**Problem to work on**
Print the entries below exactly as they appear, from the first line up to and including the line with "A man in a red". Do not print any pictures.

**Information given**
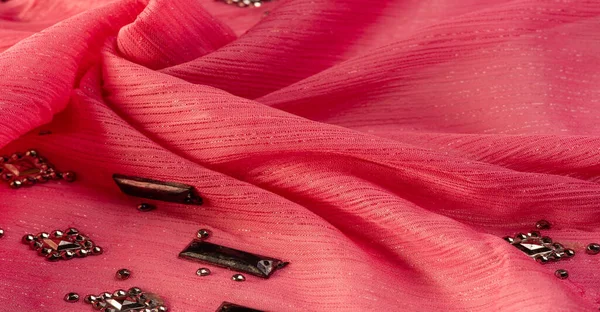 İpek desenli, kırmızı kumaş ve dekoratif yüzlü taşlar. parlak renkli taşlarla dokuma arkaplanı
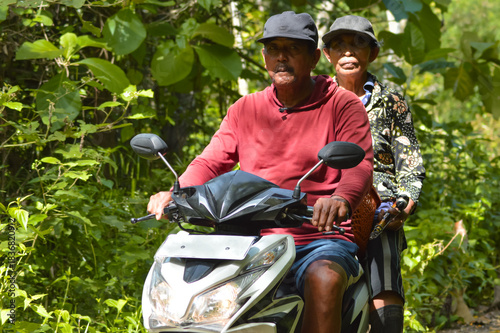 A man in a red shirt and a woman in a patterned black and gold top pause on a white scooter along a rural path surrounded by dense tropical foliage, looking directly at the camera.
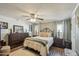 Cozy bedroom features a comfortable bed, matching nightstands, and a ceiling fan at 11596 W Sierra Dawn Blvd # 278, Surprise, AZ 85378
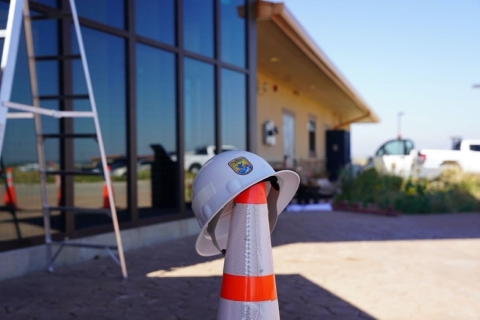 Foreground: USFWS Branded Helmet atop Hazard Cone. Background: Visitor Center of Rocky Mountain Arsenal National Wildlife Refuge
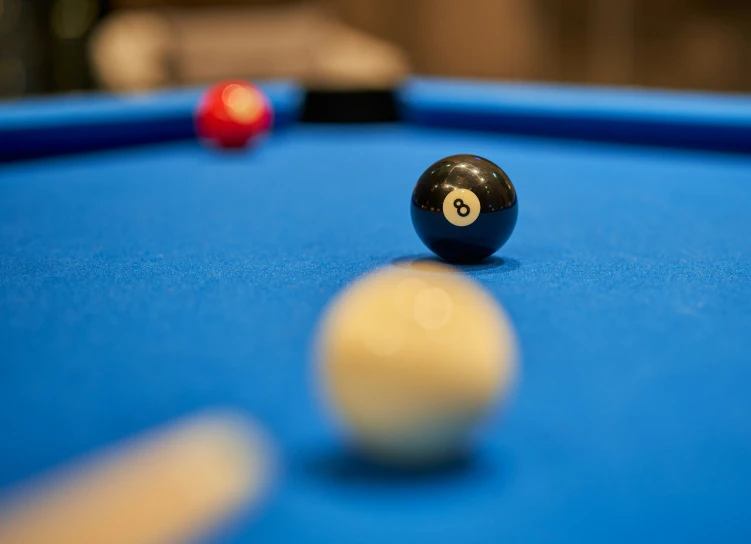 a billiard table and two pool balls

**Completed task**
 İpek desenli, kırmızı kumaş ve dekoratif yüzlü taşlar. parlak renkli taşlarla dokuma arkaplanı
 A man in a red shirt and a woman in a patterned black and gold top pause on a white scooter along a rural path surrounded by dense tropical foliage, looking directly at the camera.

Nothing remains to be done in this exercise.